Lipoid pneumonia was central to the 2019 EVALI outbreak that hospitalized thousands of people in the United States. Medical case studies confirmed lipid deposits in lung tissue from affected patients. Vitamin E acetate used as a diluent in black-market cannabis cartridges was identified as a primary culprit, but the underlying mechanism applies to any inhaled lipid. The FDA’s “generally recognized as safe” designation for food additives does not extend to inhalation. A substance that passes safely through your digestive system can cause severe damage when it reaches your lungs as a heated aerosol.
Putting a Recipe Together
If your goal is a completely PG-free and VG-free vape juice, your most practical path is a PDO-based recipe. Here’s a basic framework:
- Base: 80 to 90% food-grade 1,3-propanediol
- Nicotine: Nicotine dissolved in PDO or PGA, dosed to your target strength (if using nicotine at all)

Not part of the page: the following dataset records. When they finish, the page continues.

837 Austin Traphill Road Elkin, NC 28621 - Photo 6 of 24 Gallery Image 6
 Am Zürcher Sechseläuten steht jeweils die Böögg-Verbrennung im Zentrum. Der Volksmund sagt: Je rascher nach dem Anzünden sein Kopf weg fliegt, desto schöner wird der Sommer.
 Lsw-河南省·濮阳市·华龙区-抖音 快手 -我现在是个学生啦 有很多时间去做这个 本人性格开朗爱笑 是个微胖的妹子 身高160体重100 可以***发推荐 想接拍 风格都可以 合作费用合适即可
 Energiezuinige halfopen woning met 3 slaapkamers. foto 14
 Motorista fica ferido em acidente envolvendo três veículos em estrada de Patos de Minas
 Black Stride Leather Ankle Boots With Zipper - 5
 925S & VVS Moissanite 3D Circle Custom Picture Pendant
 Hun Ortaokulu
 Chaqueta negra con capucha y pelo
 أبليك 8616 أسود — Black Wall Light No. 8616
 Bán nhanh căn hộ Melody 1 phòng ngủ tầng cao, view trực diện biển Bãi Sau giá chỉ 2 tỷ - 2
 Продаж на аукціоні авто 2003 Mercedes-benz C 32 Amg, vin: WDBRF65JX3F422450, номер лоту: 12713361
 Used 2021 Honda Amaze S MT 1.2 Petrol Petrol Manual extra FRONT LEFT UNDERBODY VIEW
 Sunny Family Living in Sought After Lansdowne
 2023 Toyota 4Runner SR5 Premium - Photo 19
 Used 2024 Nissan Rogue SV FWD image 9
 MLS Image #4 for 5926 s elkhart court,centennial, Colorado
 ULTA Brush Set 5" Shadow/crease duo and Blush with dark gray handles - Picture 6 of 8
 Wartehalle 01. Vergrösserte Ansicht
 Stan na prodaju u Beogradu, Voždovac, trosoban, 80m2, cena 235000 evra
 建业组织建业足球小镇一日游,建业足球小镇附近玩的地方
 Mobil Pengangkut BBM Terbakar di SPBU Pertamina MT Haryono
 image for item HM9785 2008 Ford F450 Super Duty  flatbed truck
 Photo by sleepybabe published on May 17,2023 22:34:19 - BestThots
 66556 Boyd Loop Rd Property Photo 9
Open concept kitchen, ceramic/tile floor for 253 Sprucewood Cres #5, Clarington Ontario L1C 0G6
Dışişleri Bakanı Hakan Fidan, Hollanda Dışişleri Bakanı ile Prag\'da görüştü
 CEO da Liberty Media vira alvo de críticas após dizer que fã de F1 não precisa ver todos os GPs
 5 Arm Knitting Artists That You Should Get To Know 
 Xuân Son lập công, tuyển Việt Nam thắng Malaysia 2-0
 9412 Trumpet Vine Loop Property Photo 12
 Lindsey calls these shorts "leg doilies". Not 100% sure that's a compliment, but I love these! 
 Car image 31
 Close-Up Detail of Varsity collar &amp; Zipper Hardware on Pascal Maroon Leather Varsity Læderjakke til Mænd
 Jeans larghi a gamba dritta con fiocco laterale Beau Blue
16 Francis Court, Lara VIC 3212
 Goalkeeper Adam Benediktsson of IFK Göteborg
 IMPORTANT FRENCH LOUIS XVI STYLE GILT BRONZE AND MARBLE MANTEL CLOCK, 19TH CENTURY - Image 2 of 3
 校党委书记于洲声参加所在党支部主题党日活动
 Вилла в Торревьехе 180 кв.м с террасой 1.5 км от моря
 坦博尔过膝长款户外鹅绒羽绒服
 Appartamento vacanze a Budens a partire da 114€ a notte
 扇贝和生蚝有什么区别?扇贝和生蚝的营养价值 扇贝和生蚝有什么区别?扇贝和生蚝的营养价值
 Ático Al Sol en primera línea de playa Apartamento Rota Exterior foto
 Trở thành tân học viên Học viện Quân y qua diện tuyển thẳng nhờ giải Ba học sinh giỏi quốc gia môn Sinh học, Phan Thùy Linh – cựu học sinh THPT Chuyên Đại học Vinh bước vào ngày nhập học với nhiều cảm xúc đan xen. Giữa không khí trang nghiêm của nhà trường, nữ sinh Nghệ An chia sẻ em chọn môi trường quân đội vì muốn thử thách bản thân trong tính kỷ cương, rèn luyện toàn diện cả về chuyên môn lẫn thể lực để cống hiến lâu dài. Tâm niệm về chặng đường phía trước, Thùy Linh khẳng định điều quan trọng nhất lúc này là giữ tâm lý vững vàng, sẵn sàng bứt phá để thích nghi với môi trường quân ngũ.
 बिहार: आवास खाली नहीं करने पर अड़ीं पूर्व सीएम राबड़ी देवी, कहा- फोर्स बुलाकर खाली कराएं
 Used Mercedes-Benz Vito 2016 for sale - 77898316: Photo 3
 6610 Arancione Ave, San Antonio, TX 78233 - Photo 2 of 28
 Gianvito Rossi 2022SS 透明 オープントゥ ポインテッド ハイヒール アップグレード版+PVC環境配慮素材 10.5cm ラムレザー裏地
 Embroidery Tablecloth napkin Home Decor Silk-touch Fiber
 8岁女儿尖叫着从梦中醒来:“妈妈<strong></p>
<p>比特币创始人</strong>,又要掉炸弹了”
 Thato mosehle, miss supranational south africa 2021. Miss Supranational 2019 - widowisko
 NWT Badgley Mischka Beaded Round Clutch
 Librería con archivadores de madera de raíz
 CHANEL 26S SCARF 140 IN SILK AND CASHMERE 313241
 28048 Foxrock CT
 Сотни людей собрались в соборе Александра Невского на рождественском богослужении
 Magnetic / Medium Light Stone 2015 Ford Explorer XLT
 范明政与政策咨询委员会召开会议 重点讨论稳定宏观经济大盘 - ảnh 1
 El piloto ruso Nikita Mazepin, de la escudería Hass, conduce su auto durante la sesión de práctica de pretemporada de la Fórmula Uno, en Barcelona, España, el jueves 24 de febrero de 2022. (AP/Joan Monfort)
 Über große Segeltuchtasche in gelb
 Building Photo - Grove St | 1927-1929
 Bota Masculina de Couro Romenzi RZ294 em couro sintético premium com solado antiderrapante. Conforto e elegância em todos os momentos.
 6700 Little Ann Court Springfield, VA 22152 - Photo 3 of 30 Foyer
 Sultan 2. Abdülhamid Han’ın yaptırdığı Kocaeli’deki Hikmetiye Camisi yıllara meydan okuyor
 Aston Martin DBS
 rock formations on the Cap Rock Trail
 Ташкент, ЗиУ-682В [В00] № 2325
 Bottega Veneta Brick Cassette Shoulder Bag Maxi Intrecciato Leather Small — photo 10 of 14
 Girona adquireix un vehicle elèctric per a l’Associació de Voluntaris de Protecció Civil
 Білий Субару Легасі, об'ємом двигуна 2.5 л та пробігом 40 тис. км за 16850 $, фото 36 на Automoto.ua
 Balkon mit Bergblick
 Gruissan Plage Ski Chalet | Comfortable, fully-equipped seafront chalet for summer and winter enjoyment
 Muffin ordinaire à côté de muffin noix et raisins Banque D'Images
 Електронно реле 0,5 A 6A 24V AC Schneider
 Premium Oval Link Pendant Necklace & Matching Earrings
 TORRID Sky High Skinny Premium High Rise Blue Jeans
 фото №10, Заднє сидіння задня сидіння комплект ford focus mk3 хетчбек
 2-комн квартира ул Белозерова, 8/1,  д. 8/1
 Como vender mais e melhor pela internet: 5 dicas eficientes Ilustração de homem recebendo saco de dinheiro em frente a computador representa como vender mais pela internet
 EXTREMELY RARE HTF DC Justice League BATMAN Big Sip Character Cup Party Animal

- Flavoring: 5 to 15% flavor concentrates (note that many commercial flavor concentrates use PG as a carrier, so check labels if you’re strictly avoiding it)
- Thinner (optional): 2 to 5% distilled water or PGA if the liquid feels too thick for your device
The flavor concentrate issue deserves extra attention. Most concentrated flavorings sold for DIY vape mixing are suspended in PG. If you’re avoiding PG entirely, look for PG-free flavor concentrates or alcohol-based food extracts. Some vendors sell flavors in VG or PDO bases instead, but the selection is smaller.
Standard steeping practices apply. Let your mixed liquid sit in a cool, dark place for a few days to a week, shaking it periodically, so the flavors blend fully into the PDO base. PDO’s flavor-carrying properties are slightly better than PG or VG, so you may find you need less flavoring than a traditional recipe calls for.